Sep 08, 2025 09:59:00 -0400 by Adam Clark | #AIMeta Platforms is planning to build data centers with more than 10 times as much power as current high-end sites. (Courtesy Meta)
Meta Platforms is set to spend more than half a trillion dollars on its artificial-intelligence ambitions in just the next three years. A raft of stocks could benefit from the wave of investment.
Meta CEO Mark Zuckerberg said Sunday that it was “quite possible” his company could invest more than a planned $600 billion in the U.S. through 2028 if AI progress keeps accelerating, in a post on the company’s social-media platform Threads.
The initial spending commitment was made publicly at a dinner with President Donald Trump last week. Zuckerberg added on Threads that planned investment through to 2030 would be “significantly higher.”
So who’s in line to gain from the spending spree? Firstly, AI chip makers Nvidia and Broadcom . Meta is one of the biggest customers for Nvidia’s processors and has previously said it expects to end the year with more than 1.3 million graphics processing units (GPUs) to fill several multi-gigawatt data center clusters.

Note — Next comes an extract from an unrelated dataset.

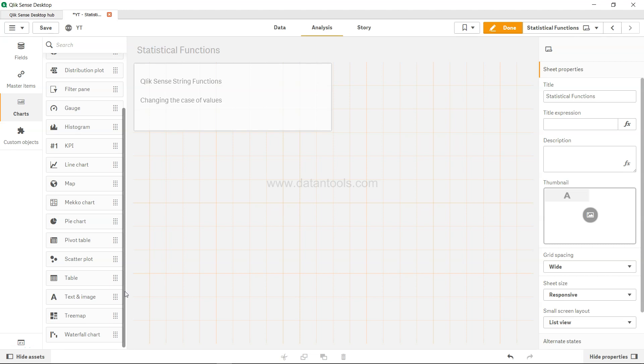Hi there, welcome to the new Qlik Sense tutorial video. In this video we will look at the Qlik Sense string functions which help in changing the case of values.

But it isn’t just Nvidia chips the company will be splashing out on. Meta said earlier this year it was expanding the use of its in-house MTIA chips—developed jointly with Broadcom—into some areas where Nvidia’s GPUs have been used, such as AI training.
There are other data-center infrastructure players that are likely to benefit. Barron’s has recently highlighted Arista Networks and Astera Labs as plays on the data-center boom, as makers of the gear that connects servers together. Credo Technology Group is another in the space, and it reported impressive earnings last week.
For other stocks with the potential to gain, it’s worth looking at the energy needs of Meta’s data centers. Pipeline company Williams won approval in June to build a natural-gas power plant near Columbus, Ohio, that will plug directly into a Meta data center. The same project will use a significant amount of power equipment provided by heavy-machinery company Caterpillar .
Meta also in June announced a 20-year deal to source energy from a Constellation Energy nuclear plant in Illinois. At the time, Zuckerberg’s company said it was receiving proposals for its goal to add one to four gigawatts of new nuclear generation capacity in the U.S. starting in the early 2030s.
At the moment, Meta’s enthusiasm for nuclear energy is good news for Constellation and its peer in large-scale plants, Vistra. But eventually companies working on small modular reactor designs—which include NuScale Power, Oklo, and BWX Technologies —could be in line for deals.
As for Meta’s stock, so far the market isn’t being put off by Zuckerberg’s big spending ambitions. The stock was up 29% so far this year through to Friday’s close.